La Cassazione su Maradona

Da vivo, Diego Armando Maradona incantò il mondo coi suoi funambolismi. Una volta deceduto, ci pensa il suo avvocato, Angelo Pisani, che imperversa su giornali e tv spacciando condoni fiscali e sentenze interlocutorie per schiaccianti vittorie contro il fisco e – quel che è peggio – facendosi beffe dei giornalisti che non si preoccupano di verificare le notizie sparate dall’avvocato Pisani con tanta disinvoltura alla conferenza stampa al Gran Caffè Gambrinus dello scorso 9 gennaio.

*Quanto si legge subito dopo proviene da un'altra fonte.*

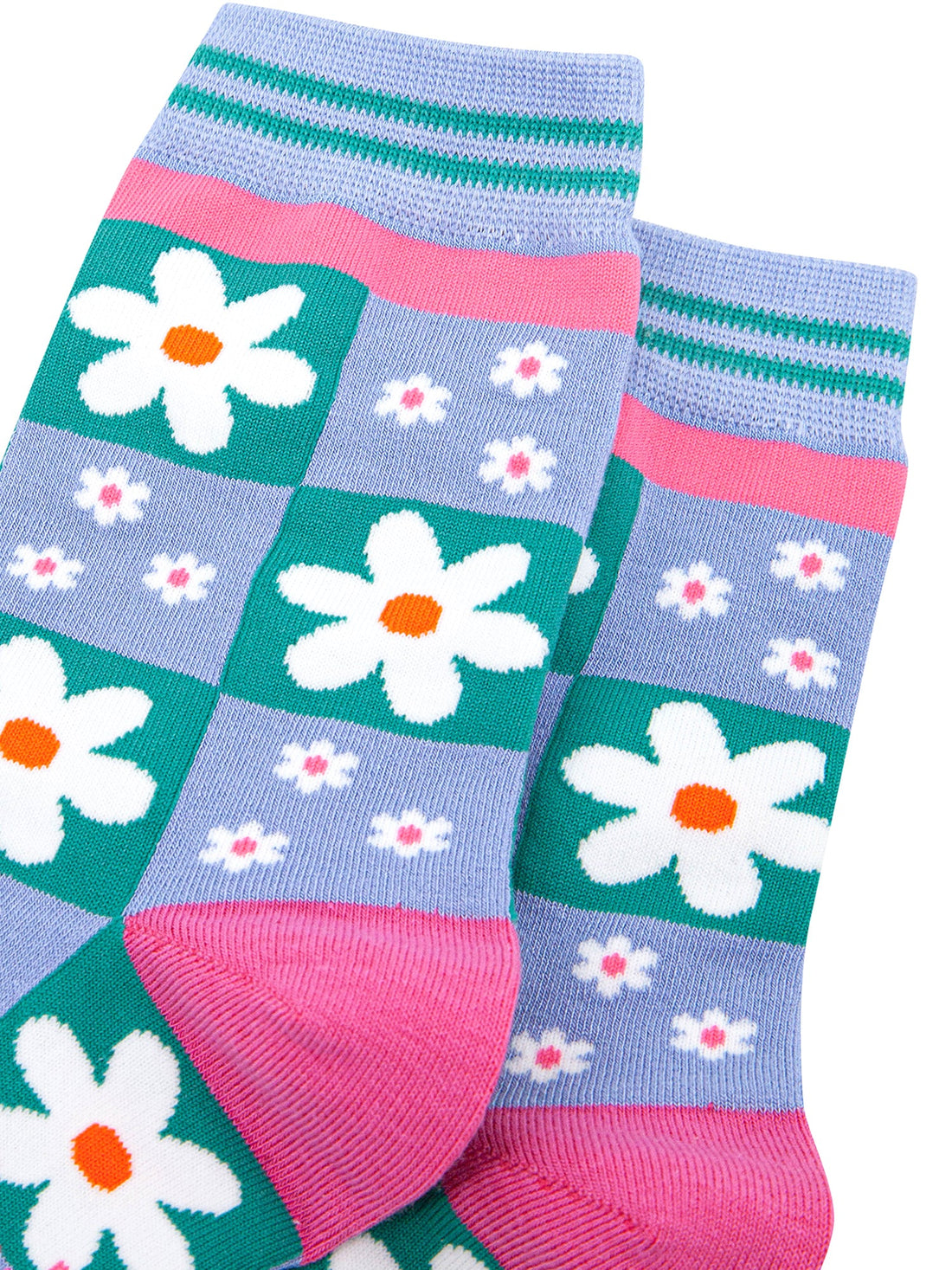 Women's Flower Checkerboard Bamboo Socks in Blue Bibelot Leek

Eloquente la foto ripresa da quotidiani cartacei e web: l’avvocato Pisani in conferenza stampa che sbandiera la prima pagina di una sentenza della Corte di Cassazione. Alla sua sinistra, un elegante e occhialuto avvocato, Alfredo Varone, tempo fa accusato di essersi appropriato di una maglia del pibe di proprietà di un collezionista che poi l’ha recuperata grazie al video di una telecamera.
Nessuno si è preso la briga di controllarlo, quel provvedimento. Se lo avesse fatto, avrebbe scoperto innanzitutto che non è una sentenza ma un’ordinanza, quella emessa il 3 gennaio 2024 dalla quinta sezione della Corte di cassazione, che si occupa dei ricorsi tributari. Dalla lettura si evince che il pibe aveva subito un accertamento per gli anni d’imposta dal 1985 al 1990, quasi tutti quelli passati con la maglia azzurra (dal 1984 al marzo del 1991, quando tornò in fretta e furia in Argentina dopo che al termine di Napoli-Bari fu “pizzicato” al controllo antidoping).
Ma la notizia sorprendente è che, nonostante il campione non intendesse pagare una lira al fisco italiano, il Napoli ci mise una pezza, aderendo al condono fiscale del 2002 e pagando al posto suo, come “sostituto d’imposta”. Difatti, come datore di lavoro, la società avrebbe dovuto trattenere le tasse dovute dai compensi per poi versarli allo Stato ed era colpevole, per il fisco, quanto il calciatore.
Maradona ha sostenuto nei primi due gradi di giudizio (Commissione tributaria provinciale di Napoli e Commissione tributaria Regionale della Campania) di non dovere più nulla e la Corte di cassazione si è limitata ad accogliere dei motivi procedurali ma nella sostanza, udite udite, non ha dato ragione a Maradona. Anzi, ha espressamente detto: “Va quindi accolto, nei termini appena esposti, il primo motivo di ricorso, con conseguente rinvio al giudice a quo per determinare, in punto di fatto, la residua somma dovuta dal ricorrente, secondo i predetti principi “.
In soldoni, è vero che Maradona non deve più tutti i soldi dell’accertamento poiché il Napoli ha pagato al posto suo. Ciò non vuol dire che Maradona (e quindi i suoi eredi) non devono nulla, anzi il processo regredisce alla Commissione tributaria regionale della Campania, che ora si chiama Corte di giustizia tributaria di secondo grado, che dovrà stabilire “la residua somma dovuta dal ricorrente”.